Um diese Entwicklungen genauer zu analysieren, hat das Deutsche Institut für Urbanistik (Difu) in den drei Fallstudienstädten Bielefeld, Hamm und Kiel untersucht, wie Kommunen auf diese zunehmenden Notlagen reagieren (können). Es zeigt sich, dass es bislang nicht üblich ist, die wachsende Altersarmut zu einem gesonderten Handlungsfeld zu machen. Städte sind daher bislang wenig darauf vorbereitet, solche Armutssituationen durch ausgleichende Maßnahmen zu entschärfen.

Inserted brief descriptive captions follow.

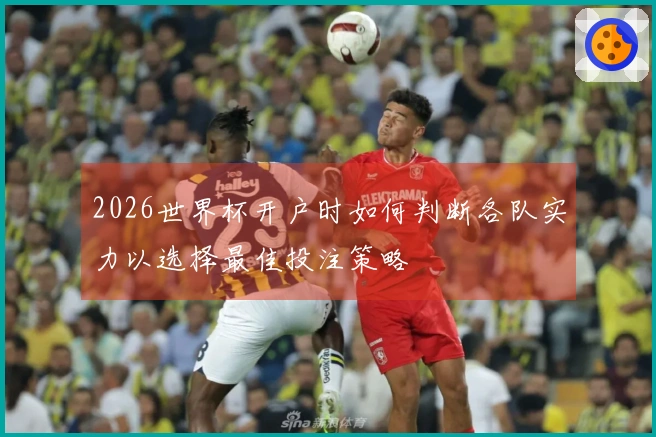2026世界杯开户时如何判断各队实力以选择最佳投注策略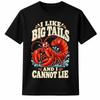 I Like Big Tails And I Cannot Lie Funny Lobster Seafood T Shirt Ocean Lover Tee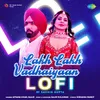 About Lakh Lakh Vadhaiyaan - Lofi Song
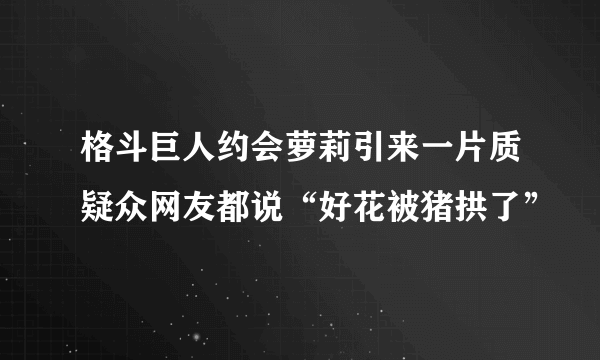 格斗巨人约会萝莉引来一片质疑众网友都说“好花被猪拱了”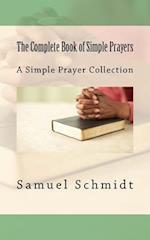 The Complete Book of Simple Prayers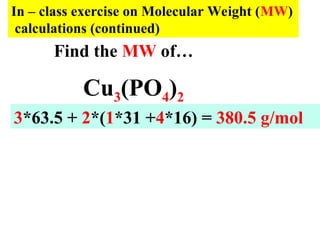 In – class exercise on Molecular Weight (MW)
calculations (continued)
Cu3(PO4)2
3*63.5 + 2*(1*31 +4*16) = 380.5 g/mol
Find the MW of…
 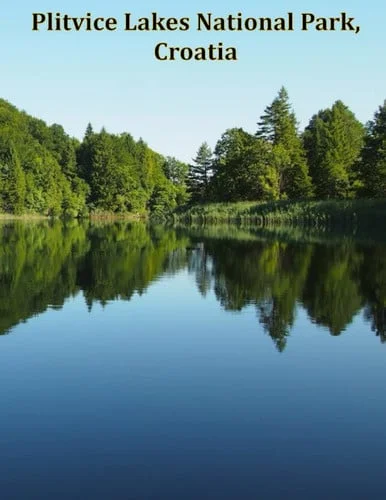 Cover of Plitvice Lakes National Park, Croatia: A Visual Exploration of Plitvice Lakes National Park, A Visual Journey through Extraordinary Landscapes - A ... Beauty of National Parks Around the World)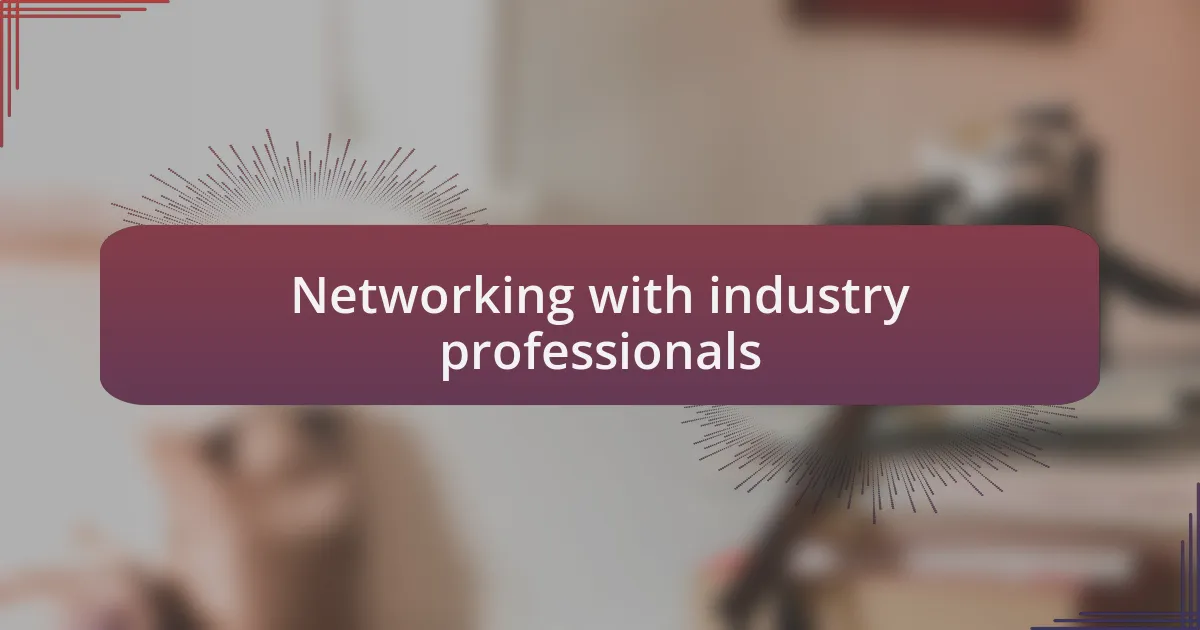 Networking with industry professionals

Zudem verfügen die Kommunen nicht über gesicherte Daten über alte Menschen, die von Armut betroffen sind. Das Merkmal „Grundsicherung im Alter“ ist nicht aussagekräftig, da sich die erhebliche versteckte Altersarmut nicht darin widerspiegelt. Denn viele Bezugsberechtigte stellen aus Scham oder Unwissenheit keinen Antrag auf Grundsicherung im Alter.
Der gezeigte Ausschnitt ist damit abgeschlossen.